There are already several surveys or texts in the literature that seek to cover some aspects of these developments. In this text (based on a topics graduate course I taught in the spring of 2010), I attempt to give a broad tour of this nascent field. This text is not intended to directly substitute for the core papers on the subject (many of which are quite technical and lengthy), but focuses instead on basic foundational and preparatory material, and on the simplest illustrative examples of key results, and should thus hopefully serve as a companion to the existing literature on the subject.

**16.3. Review by: David Conlon.**

*Mathematical Reviews*MR2931680.

Recent progress in additive combinatorics has shown the need for higher-order analogues of Fourier analysis.

...

The book is split into two parts.
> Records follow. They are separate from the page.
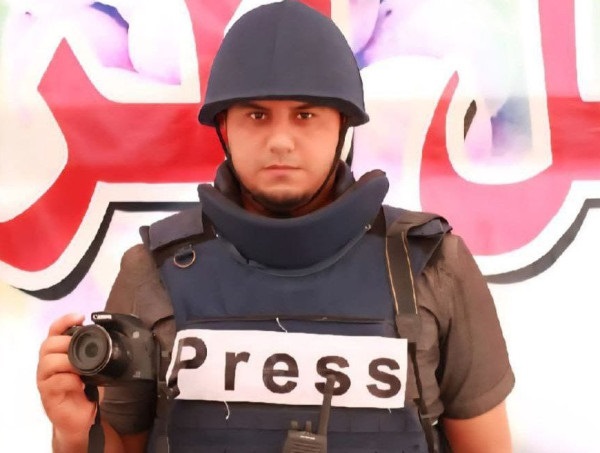 استشهاد الصحفي حسان مجدي أبو وردة وعدد من أفراد عائلته بقصف منزلهم شمال القطاع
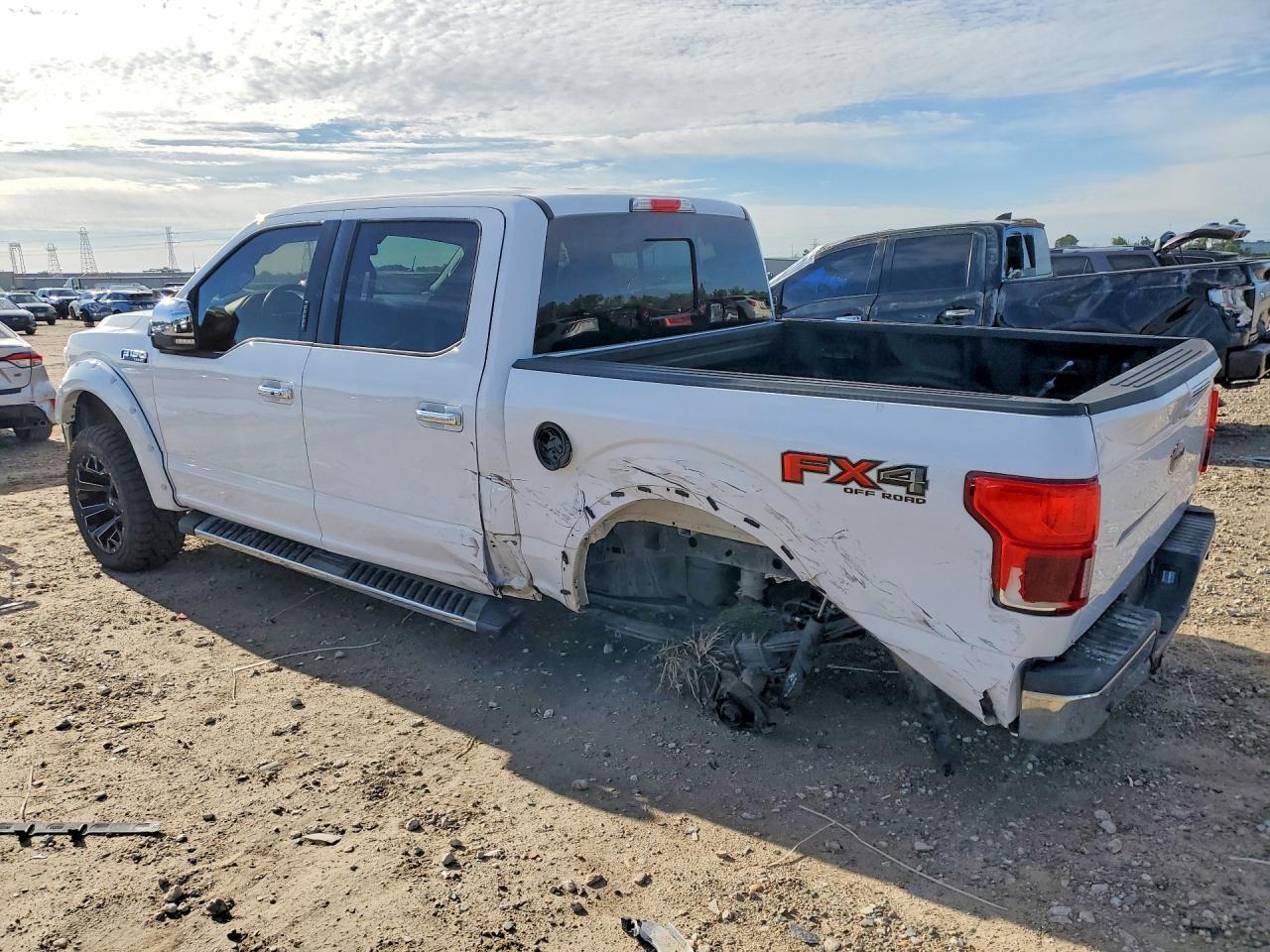 2018 Ford F150 Supercrew - Фото 2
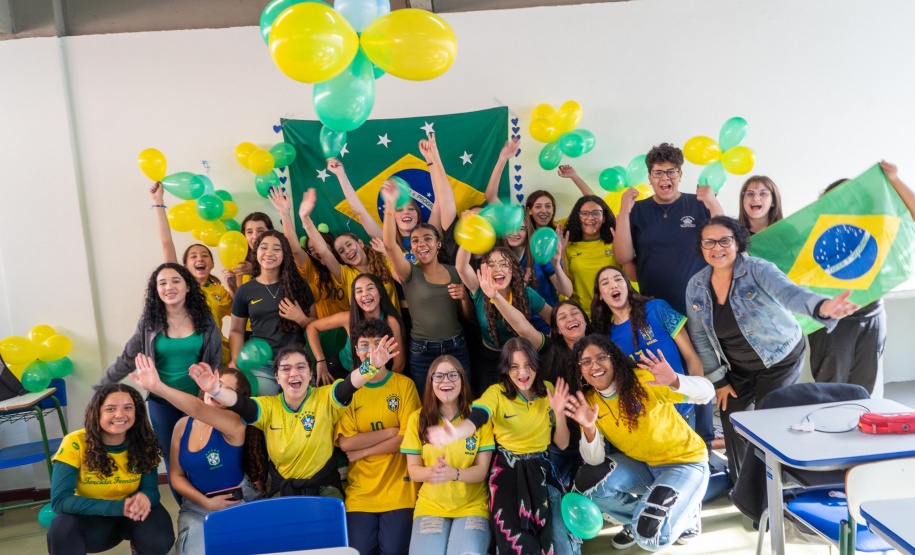 Aula de globalização: escolas estaduais mobilizaram alunos para a abertura das Olimpíadas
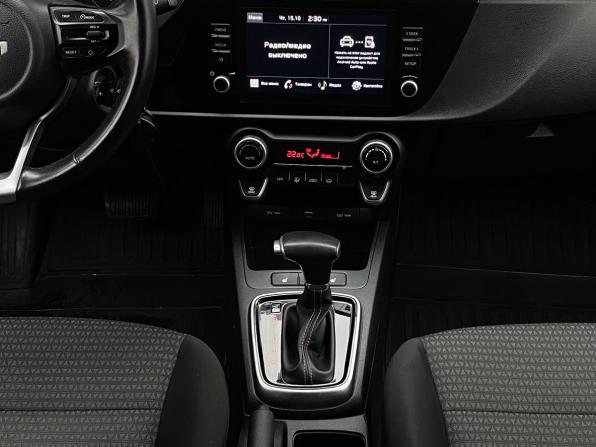 Kia Rio IV Рестайлинг с пробегом 2021 года, цена 1 549 000 рублей, 125956 км, седан, Автокод Объявления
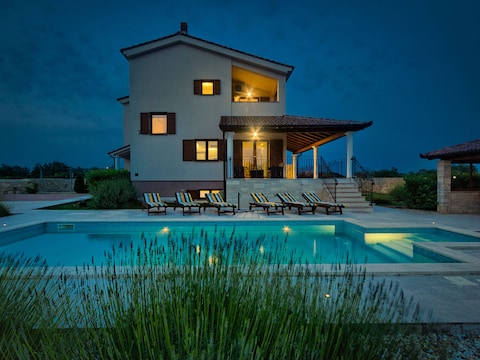 Villa Stokovci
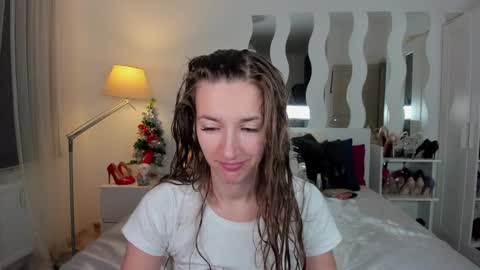 kate_redgar online show from December 16, 2024, 1:17 pm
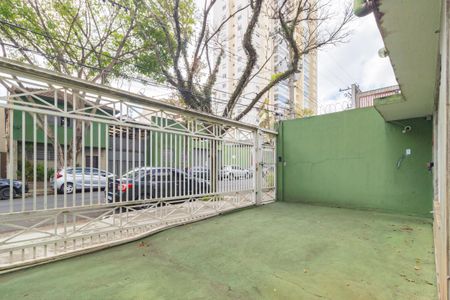 Casa à venda com 270m², 2 quartos e 50 vagas Casa à venda com 270m², 2 quartos e 50 vagasGaragem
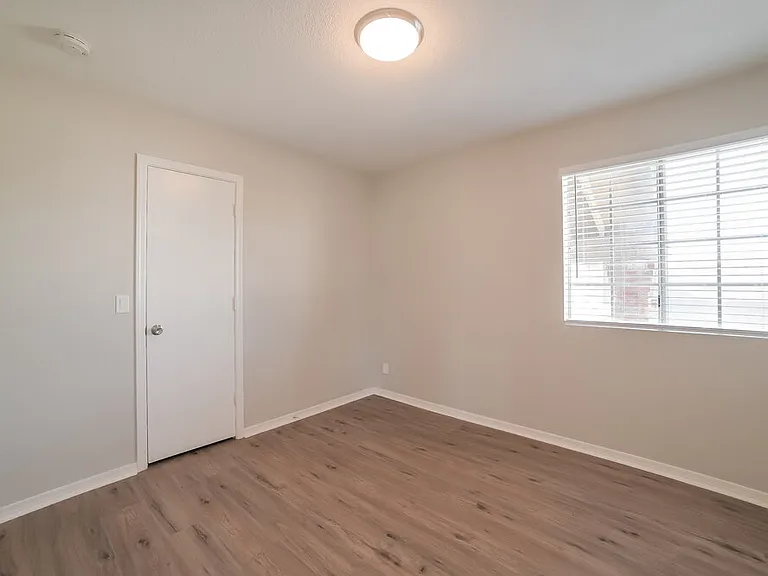 8925 W Virginia Ave — Photo 13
The first part is the core of the book and discusses the origins and applications of higher-order Fourier analysis, building towards a discussion of the author's work, with Green and Ziegler, on asymptotics for linear equations in the primes. Along the way, he discusses a number of topics of interest, including the classical theory of equidistribution (from multiple perspectives), Roth's theorem on three-term arithmetic progressions in dense subsets of the integers (again from multiple perspectives), and the inverse theorems for the Gowers uniformity norms. These inverse theorems play a key role both in proving Szemerédi's theorem and in deriving the correct asymptotics for linear equations in the primes, and their study has been one of the key factors behind the development of a higher-order Fourier analysis.

The second part of the book consists of edited versions of a number of related posts taken from Tao's blog. There is a lengthy discussion of ultralimit analysis (which was used in the work of Green, Tao and Ziegler on inverse theorems for the uniformity norms) and its applications to quantitative algebraic geometry, in particular a quantitative version of a theorem of Gromov on groups of polynomial growth. The author also discusses higher-order analogues of Hilbert spaces, where the usual binary inner product is replaced by a $2^{d}$-ary inner product between $2^{d}$ functions, and the classical uncertainty principle.

**16.4. Review by: Tom Sanders.**

*Jahresbericht der Deutschen Mathematiker-Vereinigung*

**115**(2014), 207-209.

The book is based on a topics graduate course taught by the author in 2010 and is not intended as a substitute for the (rather formidable) core papers on the subject. Instead it focuses on basic foundational material and illustrative examples.

...

This area is a technically very demanding area and even understanding the statements of many of the results requires an investment. This book provides a number of very helpful insights from one of the architects of the theory and, as such, is a valuable resource.

**17. Terence Tao, Compactness and contradiction (American Mathematical Society, Providence, RI, 2013).**

**17.1. From the Publisher.**

There are many bits and pieces of folklore in mathematics that are passed down from advisor to student, or from collaborator to collaborator, but which are too fuzzy and non-rigorous to be discussed in the formal literature. Traditionally, it was a matter of luck and location as to who learned such "folklore mathematics". But today, such bits and pieces can be communicated effectively and efficiently via the semiformal medium of research blogging. This book grew from such a blog.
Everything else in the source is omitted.